In the new romantic comedy, What’s Your Raashee?, international superstar Priyanka Chopra takes on perhaps her greatest challenge yet — playing 12 different roles.

“This was hugely challenging,” admitted the Bollywood star during a recent interview in Toronto. “More so because my director was very sure of the fact that he didn’t want any outside aid in terms of prosthetics or in terms of special effects to make the girls look different … he wanted it to be their characteristics, their body language — they way they talked, behaved — to make them different which was a huge, huge challenge for me as an actor.”

What’s been described as an “epic romantic comedy”, the film (which opens in theatres this Friday), features Chopra as all twelve potential brides of a young man who struggles with his family’s insistence he get married. Portraying the women — each born under a different astrological sign (raashee) — Chopra had to play everything from a serious, career-oriented third world nurse to a 15-year-old teenager.

“It’s easier playing an older character because we’re always growing.

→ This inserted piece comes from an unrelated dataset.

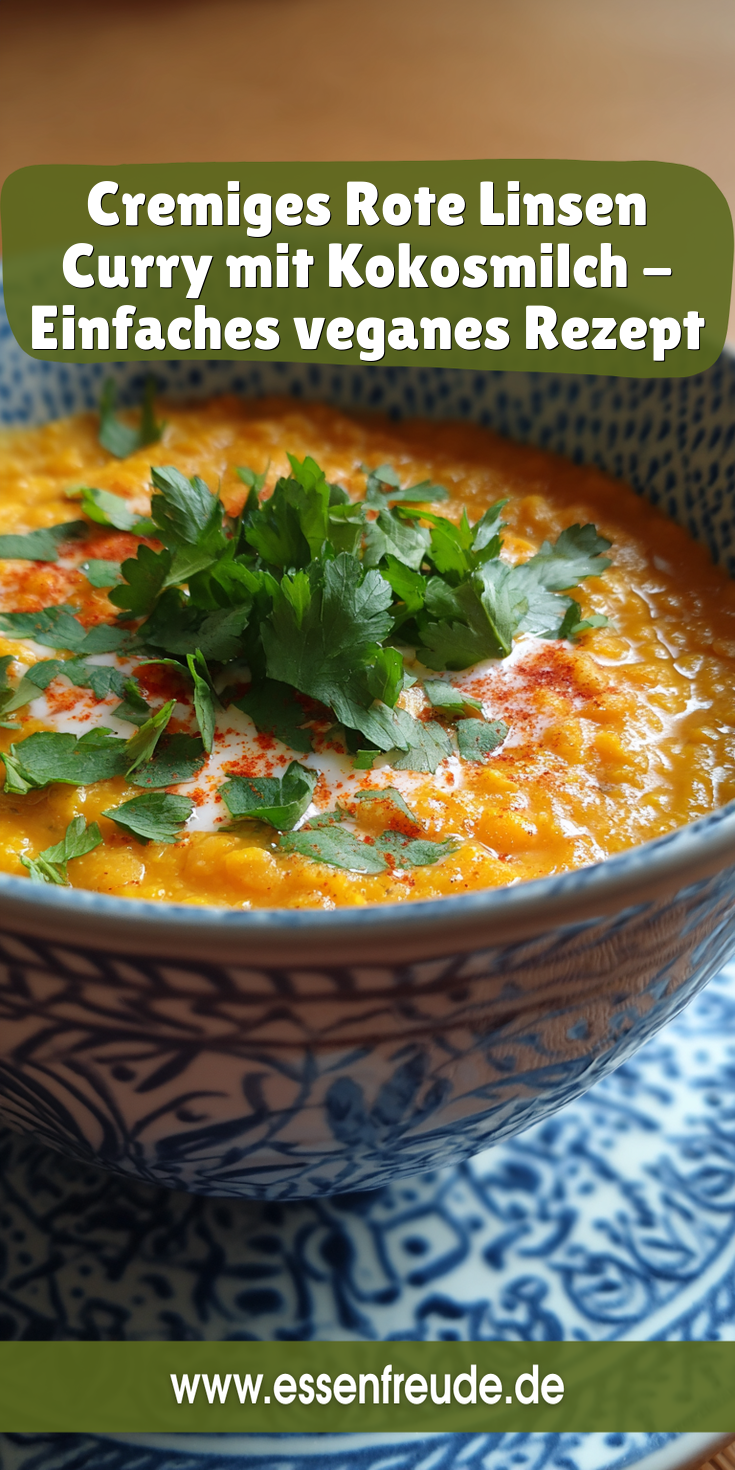 Cremiges Rote Linsen Curry mit Kokosmilch | Vegane Wohlfühlgerichte 2026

You kind of know it projectory-wise,” said Chopra. “But to play a younger character is very, very difficult and again, to make her real.

“Its fun watching people’s reactions to the 15-year-old (character) but the funnest was the first girl (who appears in the movie) because she’s a gawky kind of girl who’s pretending to be really cool and she’s probably never even worn a skirt in her life before.”

Pulling off the 12 characters in What’s Your Raashee? was certainly not the first big challenge for Chopra.

Having launched her career by winning the crown of Miss World in 2000, the stunning actress has since become a huge movie star in her native India. Now, with What’s Your Raashee? making its debut in North America, she’s proud to give western audiences a taste of Bollywood. So what’s the one thing potential moviegoers should know about Bollywood films?

“The length,” laughed Chopra, hinting that audiences should take note of the film’s 192-minute stretch. “We make long movies.”